In a series of interviews, doctors on the front lines in states where COVID-19 infections are exploding lamented the controversy in stark terms. They argue that mixed messages from mayors, governors and President Donald Trump are making it harder for people to appreciate the need for masking — especially as infections among younger citizens jump sharply.

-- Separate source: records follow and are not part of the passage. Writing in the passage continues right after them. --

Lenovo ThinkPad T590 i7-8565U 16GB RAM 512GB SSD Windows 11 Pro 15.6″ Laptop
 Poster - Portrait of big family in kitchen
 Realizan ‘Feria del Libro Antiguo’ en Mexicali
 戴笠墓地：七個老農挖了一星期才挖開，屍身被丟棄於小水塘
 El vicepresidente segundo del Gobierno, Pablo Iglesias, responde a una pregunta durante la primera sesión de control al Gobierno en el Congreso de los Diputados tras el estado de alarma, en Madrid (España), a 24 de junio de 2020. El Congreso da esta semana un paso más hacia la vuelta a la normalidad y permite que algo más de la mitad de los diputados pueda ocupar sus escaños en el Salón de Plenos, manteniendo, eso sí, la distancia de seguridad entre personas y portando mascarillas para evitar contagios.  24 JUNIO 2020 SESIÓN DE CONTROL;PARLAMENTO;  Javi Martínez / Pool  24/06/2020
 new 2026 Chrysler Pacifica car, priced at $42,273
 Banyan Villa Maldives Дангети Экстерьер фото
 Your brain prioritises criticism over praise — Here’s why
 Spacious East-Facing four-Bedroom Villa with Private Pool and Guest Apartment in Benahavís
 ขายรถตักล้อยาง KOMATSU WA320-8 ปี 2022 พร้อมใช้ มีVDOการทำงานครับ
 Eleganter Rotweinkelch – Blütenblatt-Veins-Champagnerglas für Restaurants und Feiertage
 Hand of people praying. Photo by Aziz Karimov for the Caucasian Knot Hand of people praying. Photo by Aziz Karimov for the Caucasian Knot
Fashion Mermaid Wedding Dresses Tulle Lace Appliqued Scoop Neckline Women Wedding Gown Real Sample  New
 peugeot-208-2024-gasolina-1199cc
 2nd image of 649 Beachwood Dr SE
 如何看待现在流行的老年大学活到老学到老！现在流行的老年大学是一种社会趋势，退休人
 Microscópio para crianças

“Honestly the politicization of science is one of our incredible societal downfalls. Science should not be politics,” Dr. Hilary Fairbrother, a Houston emergency medicine physician, told Yahoo Finance on Wednesday. The Lone Star state is in the throes of a record number of cases that threatens to overwhelm health systems in major cities like Dallas and Houston.
…
“We have a very different culture here. There’s no other country I know of in the world that debates masks,” added Dr. Murtaza Akhter, [professor in the University of Arizona’s Department of Emergency Medicine]. “People don’t even debate seatbelts anymore… but to debate masks during a pandemic is so utterly ironic that it’s hard to comprehend.”
Akhter, who accused Arizona’s governor of “passing the buck” on using face masks, said the coronavirus “doesn’t know state, city borders or national borders, it transcends all borders and all people. So the problem with having some people wearing masks and others not wearing them, is that the threat [of spreading] is still going to be there.”